Networking – how to solve the “find the utilization for a TCP sender that is continuously sending” problem

In this post: A detailed, step-by-step guide demonstrating the steps I use to solve a problem similar to one encountered in my CS 372 Intro to Networking class.

You have a TCP sender that is continuously sending a 1,096-byte segment. If a TCP receiver advertises a window size of 8,551 bytes, and with a link transmission rate 35 Mbps an end-to-end propagation delay of 33.3 ms, what is the utilization?

(Assume no errors, no processing or queueing delay, and ACKs transmit instantly. Also assume the sender will not transmit a non-full segment.)

Suppose they want the answer as a percentage rounded to one decimal place.

This one breaks down into a series of simple steps:

Step 1: Calculate how many segments the pipeline holds

formula: 
segments = floor(pipeline size / segment size)
8551 / 1096 = 7.802 
= 7 segments

Remember to round down! There are no partial segments in this pipeline.

Step 2: Calculate how long it takes to send one segment

This uses the L/R formula, which is:

formula: 
time to send one segment = length of segment / transmission rate

(Don’t forget to use the same units for both. I convert everything to bits for consistency.)

(1096 * 8) / (35 x 10^6) = 0.250514 time to send one segment

Step 3: Calculate the Round Trip Time (RTT)

formula: 
RTT = propagation delay * 2 
33.3 * 2 = 66.6 round trip time

Step 4: Calculate the delay per packet

formula: 
delay per packet = RTT + time to send one
66.6 + 0.250514 = 66.850514 delay per packet

Step 5: Calculate the utilization!

formula: 
utilization = (segments * time to send one) / delay per packet
(7 * 0.250514) / 66.850514 = 0.026316

Move the decimal to places to the right to get the percentage.

= 2.6% utilization

Networking – how to solve the “effective delay” problem

In this post: A detailed, step-by-step guide demonstrating the steps I use to solve a problem similar to one encountered in my CS 372 Intro to Networking class.

Given an effective delay of 99ms when network usage is 76%, what is the effective delay when network usage is 53%?

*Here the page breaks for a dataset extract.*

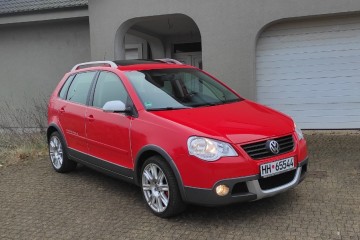 Volkswagen Polo Cross 1.9 TDI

Suppose they want the answer in milliseconds rounded to 1 decimal place.

You might’ve seen a variation of this problem where the delay is given in ms and the network usage is 0%. If you’re given a delay with a network that’s in-use, you have to first figure out what the the delay would be if the network congestion was 0%.

Let’s call that value x and solve for it.

We will use the same D = Do/(1-U) formula we would use if we already knew the delay for a zero-congestion network, but we will put our 99 ms delay where D goes and our unknown “x” value for Do.

Do / (1 - U) = D
x / (1- 0.76) = 99ms 
x / (0.24) = 99

Multiply both sides by 0.24 to turn that into a value for x:

x = 0.24 * 99
x = 23.76 <-- network delay in ms when congestion is at 0%

Now that we know the delay in ms when congestion is at 0%, we can plug it into the D = Do/(1-U) formula again.

D = 23.76 / (1 - .53) 
D = 50.6 ms

It’s not a difficult problem but my class’s materials only covered the “easy” version so I wanted to demonstrate the “missing steps” for anyone else who might be wondering what to do when they give you the delay for a partially-congested network instead.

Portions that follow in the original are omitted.